Eh, not worth looking at in that way.

Niki Gudex is still the hottest mtb will ever see.


----------



## rallyfox (Jul 21, 2005)

Jerk_Chicken said:


> Eh, not worth looking at in that way.
> 
> Niki Gudex is still the hottest mtb will ever see.


Get your own thread!

I don't see niki gudex in Decline, and how much downhilling is she doing anyway?? KP is way hotter and she rides and races regularly, was even up at Fontana the other weekend.


----------



## tacubaya (Jan 27, 2006)

This thread is worthless without pics


----------



## paintballeerXC (Jun 9, 2005)

tacubaya said:


> This thread is worthless without pics


yep, especially when its about how hot a chick is


----------



## Cru Jones (Aug 10, 2006)

You guys can have the DH chicks. I'll stick with the pole vaulters...


----------



## kidwoo (Aug 11, 2004)

I got the pole if she's got the vault.


----------



## cactuscorn (Feb 5, 2004)

got a chance to meet and hang out with kathy in big bear way back when. shes a stunner for sure but, damn! what a totally cool lady! so shes still racin huh. doesnt surprise me. i think she dug it as much as anyone ever has. doesnt hurt that she was very good.


----------



## coma13 (Sep 3, 2005)

the picture of me in that issue wearing the smallest t-shirt i could possibly find is way hotter...


----------



## Jerk_Chicken (Oct 13, 2005)

Dude, that's Danzig in your avatar.

Saw Celtic Frost and Type O last week over two days...


----------



## kidwoo (Aug 11, 2004)

Jerk_Chicken said:


> Dude, that's Danzig in your avatar.


Best thing about taking a pic of danzig at eye level is that you don't need a tripod.

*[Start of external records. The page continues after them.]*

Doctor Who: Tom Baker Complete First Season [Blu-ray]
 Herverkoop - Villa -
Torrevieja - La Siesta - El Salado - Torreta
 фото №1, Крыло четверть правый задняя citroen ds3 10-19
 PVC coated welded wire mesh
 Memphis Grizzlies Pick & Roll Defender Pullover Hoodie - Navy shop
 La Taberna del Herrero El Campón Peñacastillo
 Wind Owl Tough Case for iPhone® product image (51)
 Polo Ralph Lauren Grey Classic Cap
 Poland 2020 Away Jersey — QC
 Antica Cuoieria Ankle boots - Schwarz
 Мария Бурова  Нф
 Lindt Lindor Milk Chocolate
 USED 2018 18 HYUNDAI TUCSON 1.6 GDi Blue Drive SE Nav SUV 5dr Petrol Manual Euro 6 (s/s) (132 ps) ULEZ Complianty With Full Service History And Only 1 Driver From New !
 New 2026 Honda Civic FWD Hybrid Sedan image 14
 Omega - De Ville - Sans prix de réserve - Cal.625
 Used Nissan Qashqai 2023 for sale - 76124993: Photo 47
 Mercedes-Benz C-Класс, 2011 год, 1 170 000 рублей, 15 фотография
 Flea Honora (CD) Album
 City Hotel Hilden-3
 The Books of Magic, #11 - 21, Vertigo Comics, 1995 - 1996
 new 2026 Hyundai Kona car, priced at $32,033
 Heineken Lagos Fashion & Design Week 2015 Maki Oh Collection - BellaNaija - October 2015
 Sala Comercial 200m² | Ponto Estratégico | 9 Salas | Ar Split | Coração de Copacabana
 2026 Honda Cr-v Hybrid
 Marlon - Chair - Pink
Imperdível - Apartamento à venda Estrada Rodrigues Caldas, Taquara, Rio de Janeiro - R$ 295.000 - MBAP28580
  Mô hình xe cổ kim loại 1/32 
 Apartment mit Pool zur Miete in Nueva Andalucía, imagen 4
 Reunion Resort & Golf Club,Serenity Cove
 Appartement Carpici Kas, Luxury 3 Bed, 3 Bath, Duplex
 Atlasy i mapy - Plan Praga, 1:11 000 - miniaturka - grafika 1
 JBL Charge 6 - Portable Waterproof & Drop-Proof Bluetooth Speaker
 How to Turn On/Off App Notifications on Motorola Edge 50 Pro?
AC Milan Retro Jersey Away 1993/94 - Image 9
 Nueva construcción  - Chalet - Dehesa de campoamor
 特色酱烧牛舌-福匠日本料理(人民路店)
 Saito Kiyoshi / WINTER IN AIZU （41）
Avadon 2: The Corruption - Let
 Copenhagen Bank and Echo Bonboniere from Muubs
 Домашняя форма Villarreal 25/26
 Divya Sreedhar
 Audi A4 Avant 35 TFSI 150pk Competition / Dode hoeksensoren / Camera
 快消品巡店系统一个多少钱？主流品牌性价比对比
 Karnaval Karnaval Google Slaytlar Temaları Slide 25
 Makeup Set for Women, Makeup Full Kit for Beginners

Just set the camera on the ground.


----------



## Jerk_Chicken (Oct 13, 2005)

kidwoo said:


> Best thing about taking a pic of danzig at eye level is that you don't need a tripod.
> 
> Just set the camera on the ground.


 nnnnnnnn


----------



## dogonfr (Jan 6, 2005)

Kathy is a awesome person & very sweet :drumroll:


----------



## GETSTUPID (Feb 10, 2007)

I think I just became a fan of track and field!


----------



## ebxtreme (Jan 6, 2004)

GETSTUPID said:


> I think I just became a fan of track and field!


Me too. Damn, when are the Pan Am games again??


----------



## SHIVER ME TIMBERS (Jan 12, 2004)

Jerk_Chicken said:


> Eh
> Niki Gudex is still the hottest mtb will ever see.


very true


----------



## Secace (Sep 8, 2004)

I third that vote. What country does she represent? I want to gain citizenship!


----------



## acronym (Apr 21, 2007)

Cru Jones said:


> You guys can have the DH chicks. I'll stick with the pole vaulters...


damn!!!!!!


----------



## tuumbaq (Oct 6, 2005)

here's a picture taken from the same trip(Decline website)..


----------



## coma13 (Sep 3, 2005)

kidwoo said:


> Best thing about taking a pic of danzig at eye level is that you don't need a tripod.
> 
> Just set the camera on the ground.


Of all the people to make fun of Danzig's height..... this has to be the most ironic.


----------



## macrider (Jan 30, 2004)

Cru Jones said:


> You guys can have the DH chicks. I'll stick with the pole vaulters...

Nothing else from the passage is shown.